**TASK TO CARRY OUT:** With the exception of the pictures, transcribe the entire listing exactly.

**THE DATA:**
========
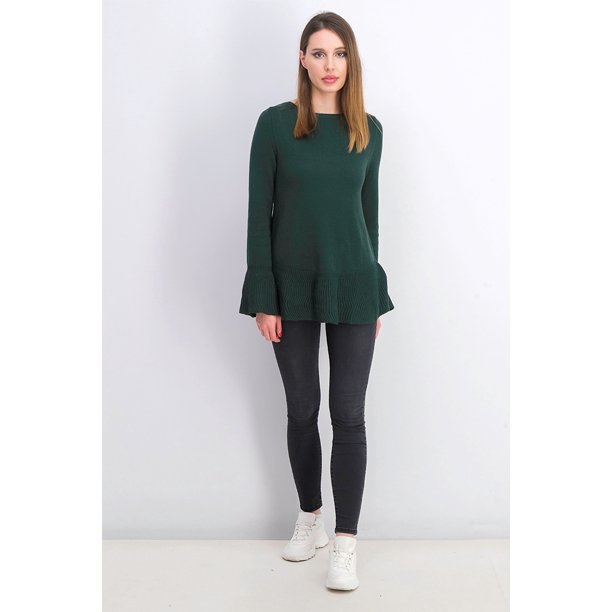 Style & Co Women's Ruffle Hem Knit Sweater Dark Green Size XX Large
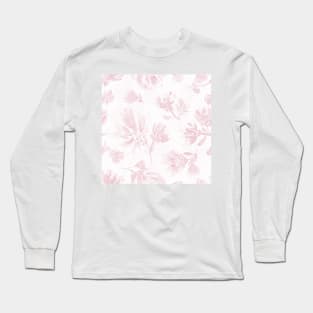 light pink flowers watercolor Long Sleeve T-Shirt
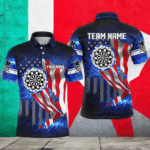 American Flag Darts Board Blue Galaxy Men Darts Polo Shirts Custom Patriotic League Darts Jersey TDM1473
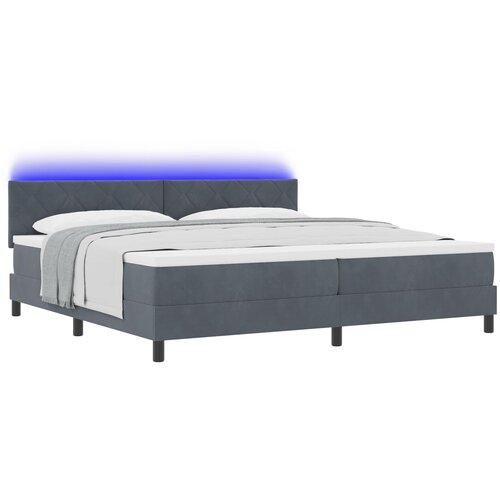 VidaXL Box Spring postelja z vzmetnico in LED temno siva 200x200 cm žamet Slike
========
**RESULT:**
 Style & Co Women's Ruffle Hem Knit Sweater Dark Green Size XX Large
 light pink flowers watercolor Long Sleeve T-Shirt
 American Flag Darts Board Blue Galaxy Men Darts Polo Shirts Custom Patriotic League Darts Jersey TDM1473
 VidaXL Box Spring postelja z vzmetnico in LED temno siva 200x200 cm žamet Slike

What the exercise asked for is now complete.